§ Given data:
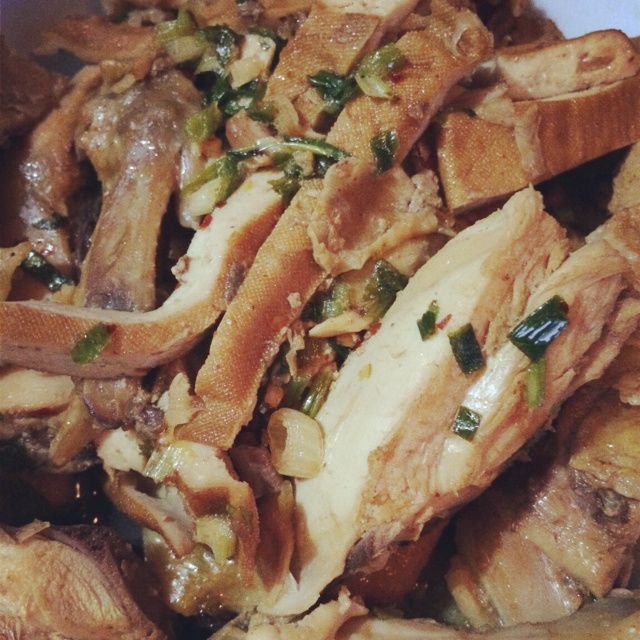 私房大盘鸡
--
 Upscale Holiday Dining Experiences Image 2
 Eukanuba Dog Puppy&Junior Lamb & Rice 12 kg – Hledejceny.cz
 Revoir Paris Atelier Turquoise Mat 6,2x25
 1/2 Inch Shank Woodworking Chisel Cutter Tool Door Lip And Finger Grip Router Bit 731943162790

§ About this task: Go to the line in the material above that contains "Eukanuba Dog Puppy&Junior" and copy exactly from there through the line that contains "1/2 Inch Shank", stopping after it.

§ Result for this task:
 Eukanuba Dog Puppy&Junior Lamb & Rice 12 kg – Hledejceny.cz
 Revoir Paris Atelier Turquoise Mat 6,2x25
 1/2 Inch Shank Woodworking Chisel Cutter Tool Door Lip And Finger Grip Router Bit 731943162790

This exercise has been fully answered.